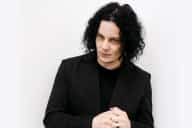 Tanpa Banyak Pengumuman, Jack White Siapkan Album Barunya “Frozen Charlotte”.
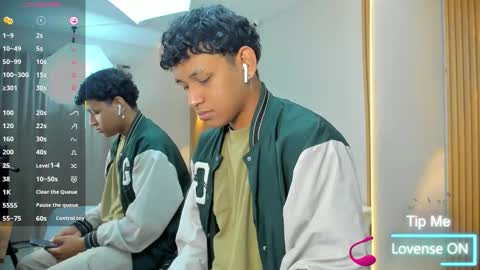 Snapshot of axel_ps chatting on September 2025 03:21:01 AM Alex online show from September 2025 03:21:01 AM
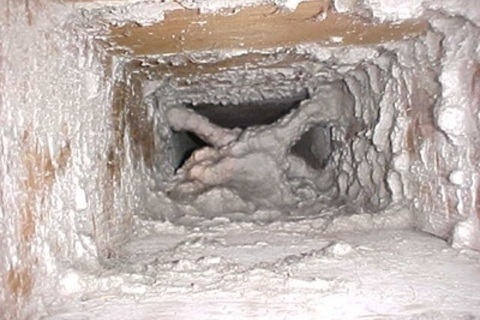 Dirty Air Ducts: Your Home's "Invisible" Issue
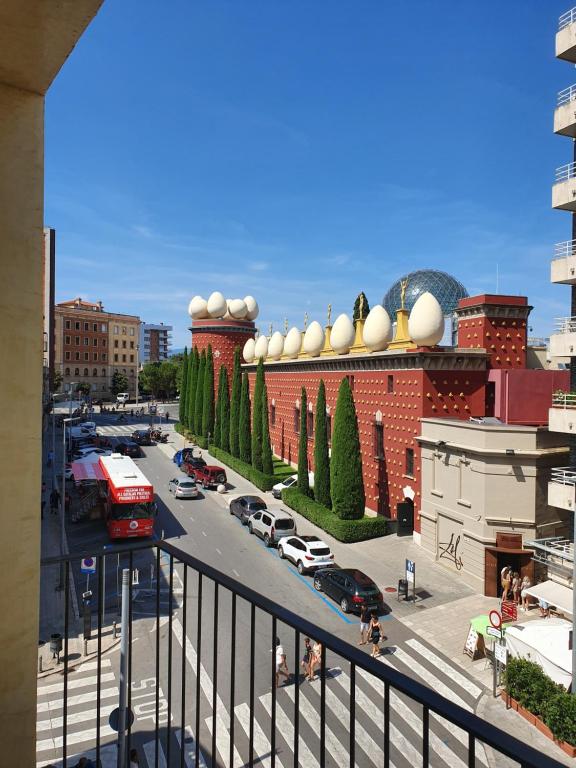 Blick auf eine Stadt mit Straßen und Gebäuden in der Unterkunft Apartamentos enfrente del Museo Dalí in Figueres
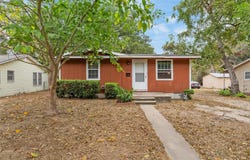 532 College ST, Rockdale, TX 76567
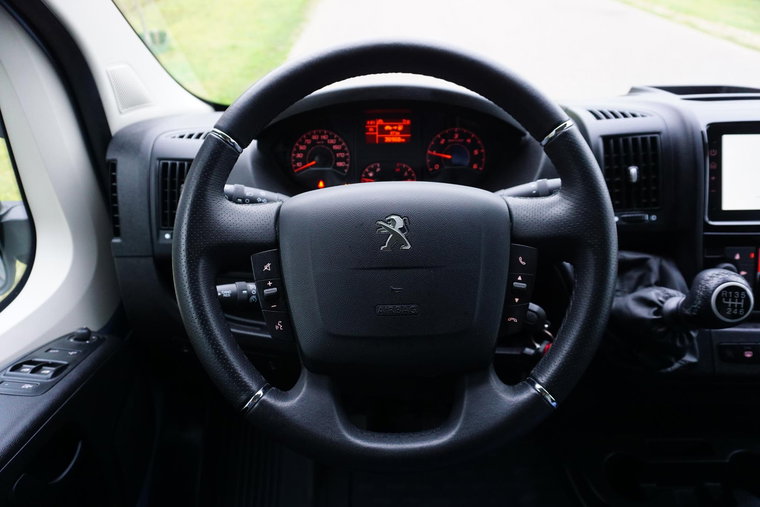 Vehicle Image 17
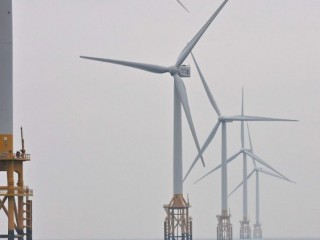 Các tháp tuabin gió tạo ra điện ngoài khơi bờ biển Hàn Quốc (Ảnh: AFP)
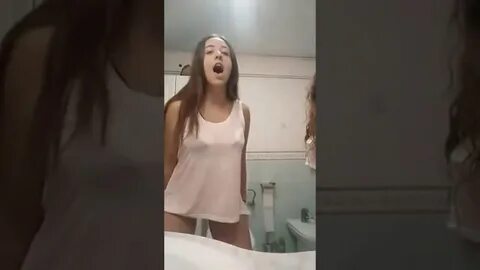 Hermosas chicas se desnudan para la cámara en vivo - YouTube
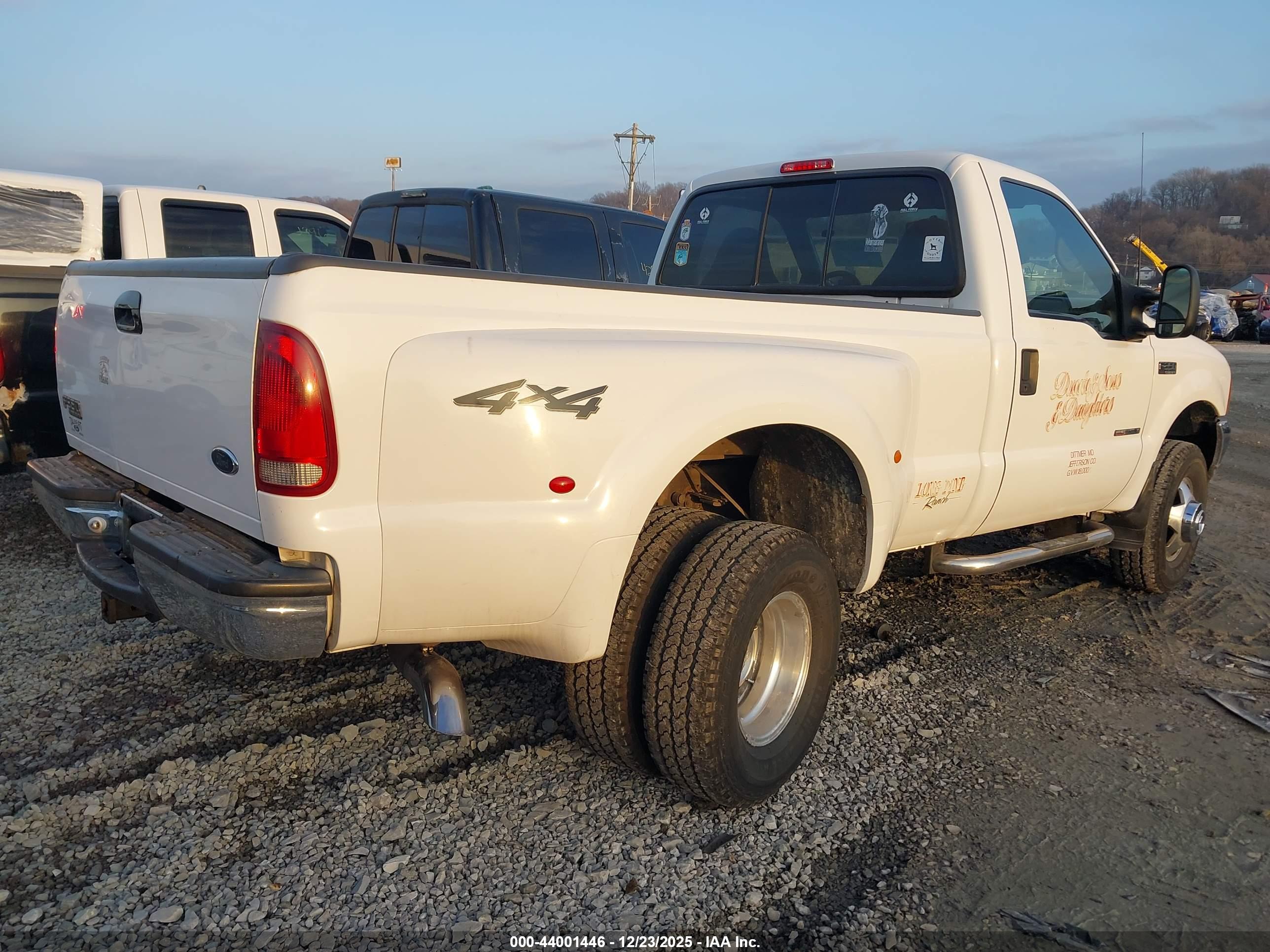 FORD F-350 image 4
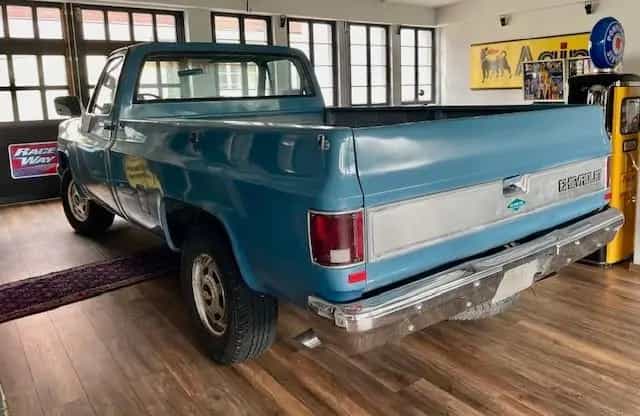 Chevrolet C1500 C2500 Pick Up V8 07/1986-photo-2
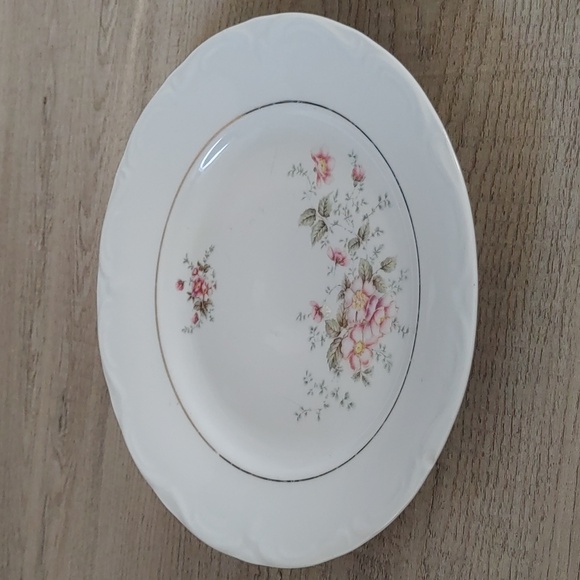 Floral Off Center, Inner Band, EmbossedPattern by Crown Regent (Romania) - Picture 3 of 4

**What to work on:** When repeating the listing, keep each line exact and exclude the pictures.

**Answer area:**
 Tanpa Banyak Pengumuman, Jack White Siapkan Album Barunya “Frozen Charlotte”.
 Snapshot of axel_ps chatting on September 2025 03:21:01 AM Alex online show from September 2025 03:21:01 AM
 Dirty Air Ducts: Your Home's "Invisible" Issue
 Blick auf eine Stadt mit Straßen und Gebäuden in der Unterkunft Apartamentos enfrente del Museo Dalí in Figueres
 532 College ST, Rockdale, TX 76567
 Vehicle Image 17
 Các tháp tuabin gió tạo ra điện ngoài khơi bờ biển Hàn Quốc (Ảnh: AFP)
 Hermosas chicas se desnudan para la cámara en vivo - YouTube
 FORD F-350 image 4
 Chevrolet C1500 C2500 Pick Up V8 07/1986-photo-2
 Floral Off Center, Inner Band, EmbossedPattern by Crown Regent (Romania) - Picture 3 of 4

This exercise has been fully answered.